Thursday, May 21, 2009

Wild talk

So, as I am now 24 and far too mature for my own good, I attended a lecture last night (in my own free time!) at UCL by two members of the BBC Natural History Unit, Paul Williams and Chris Howard, on 'How to make a wildlife documentary' - which focused mainly on the history of wildlife filming, as well as interesting divergences about their experiences on location.

They started by looking at some of the first filmed wildlife shots - primarily these involved people shooting animals and then standing over the carcasses. There was some fairly graphic examples, including a tribe spearing a lion to death, and a female rifle hunter squaring off against a rhino and, as it charged at her, she shot it, point blank.

There was also a fascinating piece of film in which one of the early pioneers of wildlife filming - Cherry Kearton (pictured above) - was shown visiting an island inhabited with penguins, or "little Charlie Chaplins" as he called them with a wonderful turn of phrase. He also filmed the 1911 movie 'Roosevelt in Africa' (nearly an unintentional pun on veldt there...) in which President Roosevelt, yes you've guessed it, shot and stood over various wildlife.

From here we moved forward through the advancement of camera techniques and technology, including examples of the use of cameras attached to animals - such as golden eagles or tortoises - and the stunning footage that can now be captured with super-slow motion cameras - most famously the recent footage of a great white shark catching a seal and leaping clean out of the water in doing so. We also saw some early footage of David Attenborough, contrasted with some footage from one of his latest series, Life in Cold Blood, in which he came across the smallest chameleon in the world. It was quite moving stuff as you could see just what it meant to the great man.

We also saw the footage made by Disney of the infamous lemmings myth - in which the film makers just pushed a bunch of lemmings off a cliff and created an entire generation of lies. You could see some of the lemmings scrabbling like mad to stop themselves falling. This is all part of the 'drama' wildlife documentaries usually involve, to create moments of tension and so forth - but this was a case too far, obviously.

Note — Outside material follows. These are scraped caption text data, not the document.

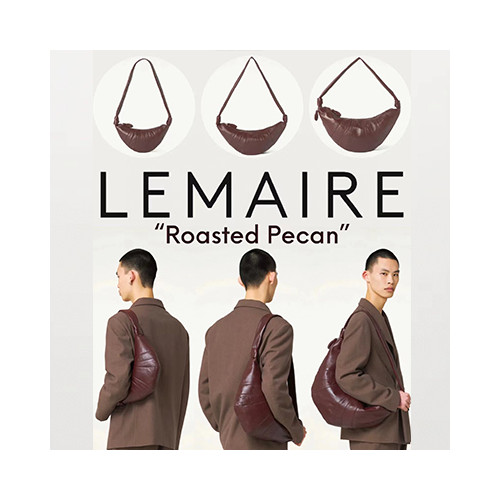 [LEMAIRE] 남여공용백 croissant bag 르메르 크루아상 범백 크로스핸드백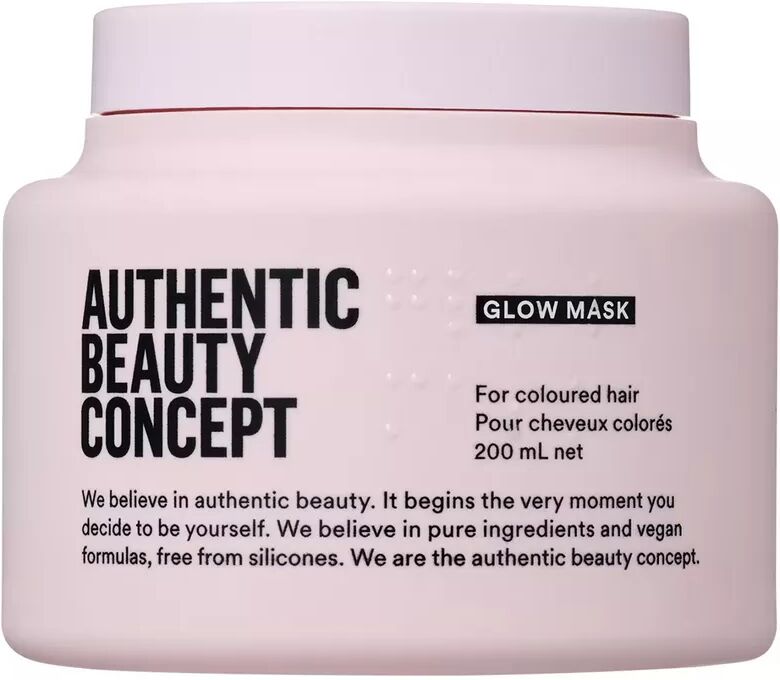Authentic Beauty Concept - Glow Mask - Intensive Glanzmaske für coloriertes Haar, 200 ml, Fantasie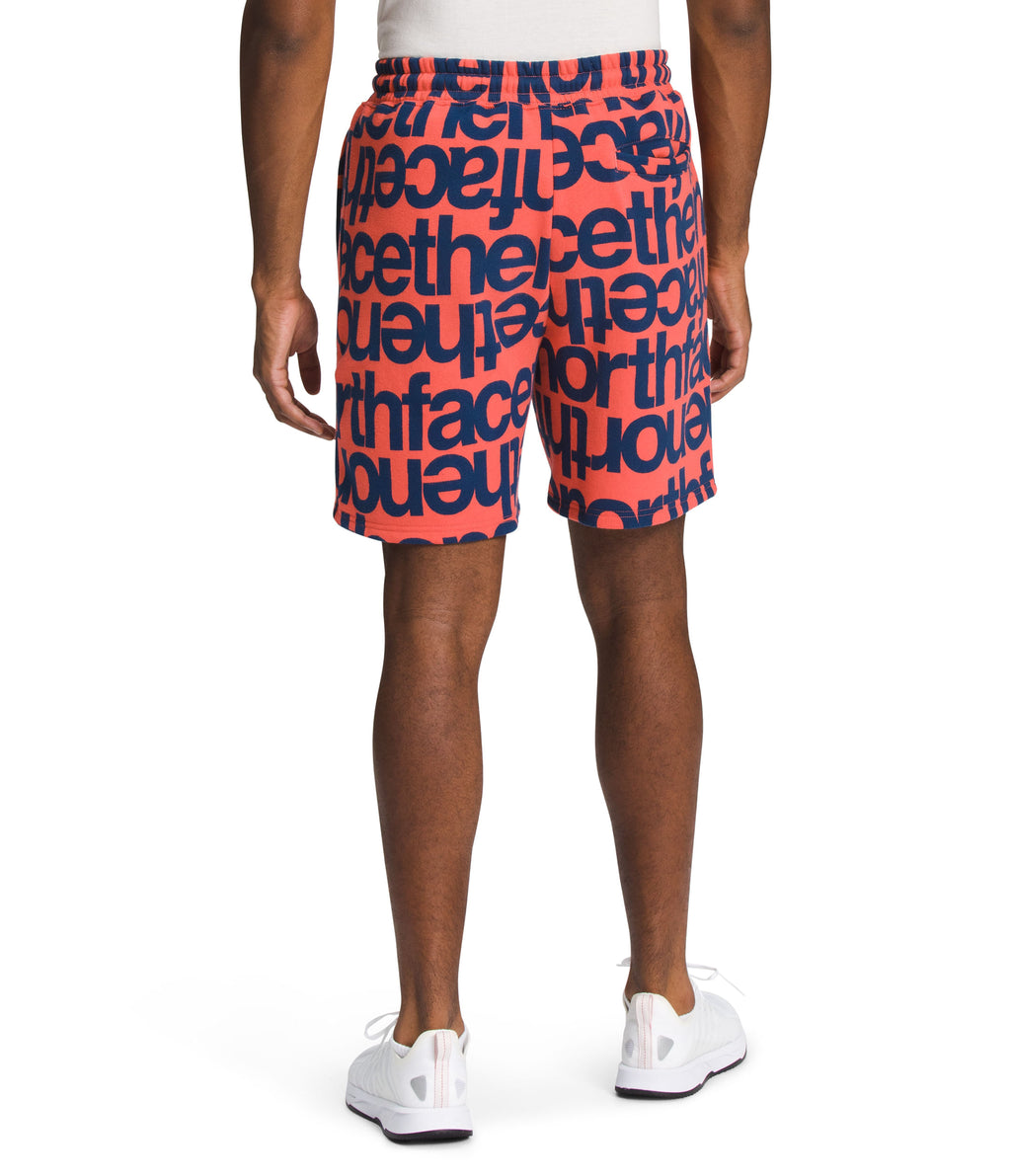 Short Aop Naranja Hombre The North Face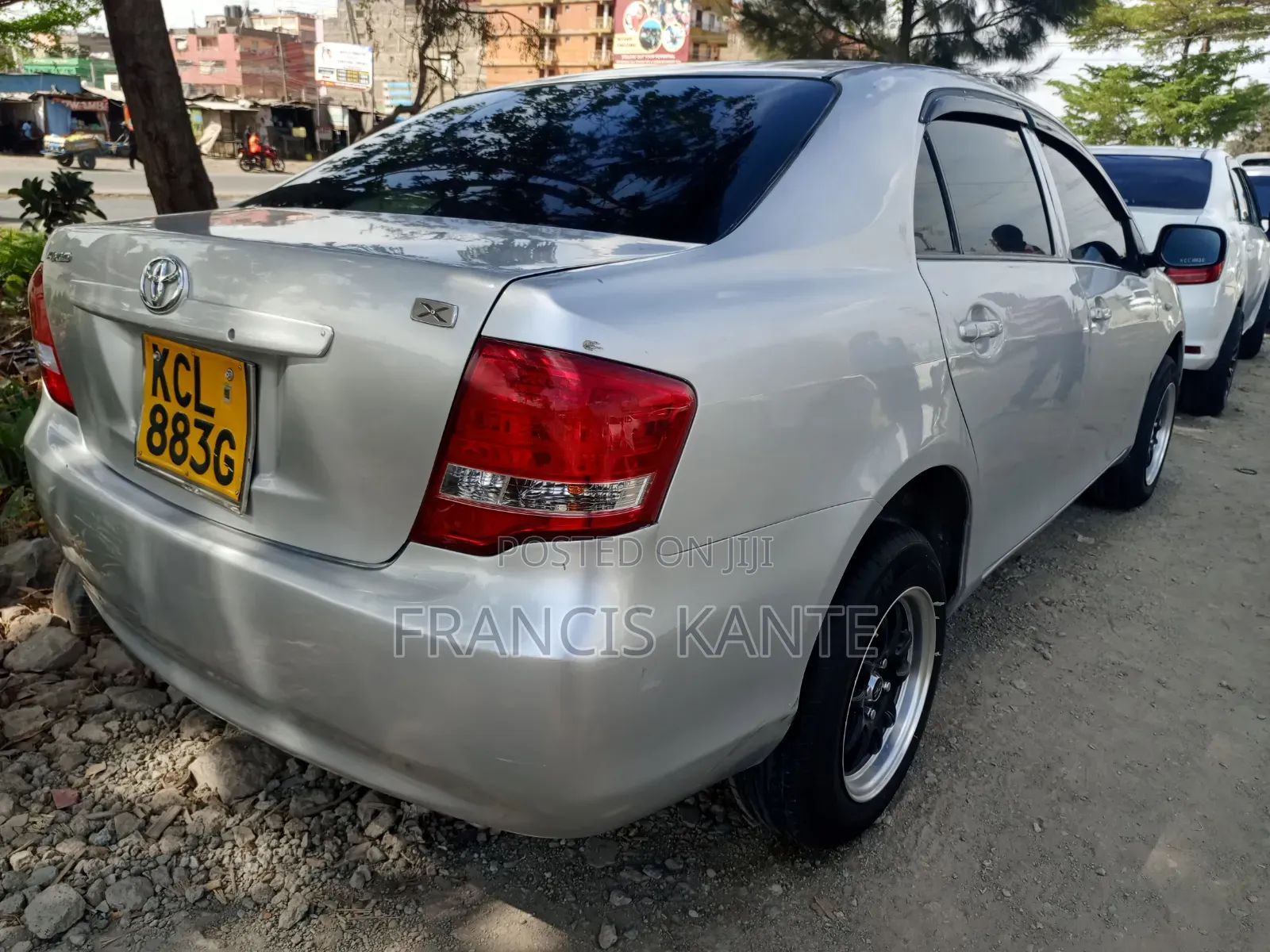 Toyota Axio 2012 Silver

We then got a few sneak preview shots of a new BBC series coming out soon called 'Life' (large in scope then) and these are known as "Blue Chip" documentaries - the type only the BBC can make due to the cost and time invovled. We heard from Paul how he had spent four weeks camping wild in the Arctic, only to miss the shot they were after - even after one 60 hour wait at one point. Never work with children or animals.

We also learnt why they now insert these 10 minute 'diary' segments. They sell the show to the US sans the diary segment - so it comes in at 50 minutes, for ad breaks presumably - and to make up the hour for us, add in these bits. Makes sense.

Afterwards there was a free glass of wine and a chance to look around the Grant Museum of Zoology - where Darwin lived / studied - which was very interesting too - lots of weird and wonderful skeletons and pickled animals in jars, and there was a chance to talk to these speakers, both very nice chaps. Overall it was a very interesting and enlightening talk from two very amiable, interesting presenters. And, as it was all for free, was credit crunch value for money too. Perfect.


Note for London based people - I found this via a great website for interesting, quirky, under the radar events - Ianvisits.co.uk: updated weekly. Worth keeping an eye on for things of this nature.